OAUTH_REFRESH_TOKEN_VALIDITY can be in the range of 3600 (1 hour) to 7776000 (90 days).

  1. To retrieve OAUTH_CLIENT_ID and OAUTH_CLIENT_SECRET, run the following SQL:
select system$show_oauth_client_secrets('DATAFOLD_OAUTH');

Example result:

  1. Fill in the Client ID and Client Secret fields in Datafold’s Data Connection advanced settings:
  1. Click Test and save OAuth

You will be redirected to Snowflake to complete authentication.

info

Your default Snowflake role will be used for the generated access token.

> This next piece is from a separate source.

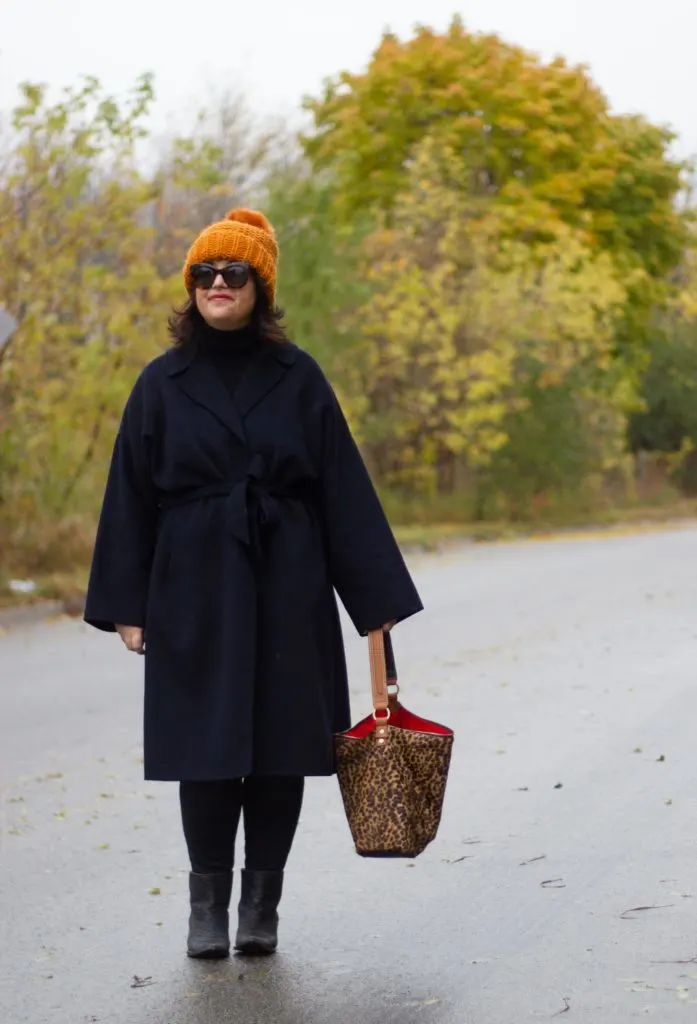 navy wrap coat, black turtleneck, burnt orange hat, leopard bag.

This notification signals a successful OAuth configuration:

Additional steps for Snowflake

To guarantee correct access rights to temporary tables (stored in Dataset for temporary tables provided in the Basic settings for Snowflake connection):

  • Grant the required privileges on the database and TEMP schema for all roles that will be using the OAuth flow. This must be done for all roles that will be utilizing the OAuth flow.
GRANT USAGE ON WAREHOUSE <WH_NAME> TO ROLE <ROLENAME>;
GRANT USAGE ON DATABASE <DB_NAME> TO ROLE <ROLENAME>;
GRANT USAGE ON ALL SCHEMAS IN DATABASE <DB_NAME> TO ROLE <ROLENAME>;
GRANT USAGE ON FUTURE SCHEMAS IN DATABASE <DB_NAME> TO ROLE <ROLENAME>;
GRANT ALL ON SCHEMA <DB_NAME>.<TEMP_SCHEMA_NAME> TO ROLE <ROLENAME>;
  • Revoke SELECT privileges for tables in the TEMP schema for all roles that will be using the OAuth flow (except for the DATAFOLDROLE role), if they were provided. This action must be performed for all roles utilizing the OAuth flow..
-- Revoke SELECT privileges for the TEMP SCHEMA
revoke SELECT ON ALL TABLES IN SCHEMA <DB_NAME>.<TEMP_SCHEMA_NAME> FROM ROLE <ROLENAME>;
revoke SELECT ON FUTURE TABLES IN SCHEMA <DB_NAME>.<TEMP_SCHEMA_NAME> FROM ROLE <ROLENAME>;
revoke SELECT ON ALL VIEWS IN SCHEMA <DB_NAME>.<TEMP_SCHEMA_NAME> FROM ROLE <ROLENAME>;
revoke SELECT ON FUTURE VIEWS IN SCHEMA <DB_NAME>.<TEMP_SCHEMA_NAME> FROM ROLE <ROLENAME>;
revoke SELECT ON ALL MATERIALIZED VIEWS IN SCHEMA <DB_NAME>.<TEMP_SCHEMA_NAME> FROM ROLE <ROLENAME>;
revoke SELECT ON FUTURE MATERIALIZED VIEWS IN SCHEMA <DB_NAME>.<TEMP_SCHEMA_NAME> FROM ROLE <ROLENAME>;
-- Revoke SELECT privileges for a Database
revoke SELECT ON ALL TABLES IN DATABASE <DB_NAME> FROM ROLE <ROLENAME>;
revoke SELECT ON FUTURE TABLES IN DATABASE <DB_NAME> FROM ROLE <ROLENAME>;
revoke SELECT ON ALL VIEWS IN DATABASE <DB_NAME> FROM ROLE <ROLENAME>;
revoke SELECT ON FUTURE VIEWS IN DATABASE <DB_NAME> FROM ROLE <ROLENAME>;
revoke SELECT ON ALL MATERIALIZED VIEWS IN DATABASE <DB_NAME> FROM ROLE <ROLENAME>;
revoke SELECT ON FUTURE MATERIALIZED VIEWS IN DATABASE <DB_NAME> FROM ROLE <ROLENAME>;

CAUTION

If one of the roles will have FUTURE GRANTS at the database level, this role will also will have FUTURE GRANTS on the TEMP schema.

Example: Redshift

Redshift does not support OAuth2. To execute data diffs on behalf of a specific user, that user needs to provide their own credentials to Redshift.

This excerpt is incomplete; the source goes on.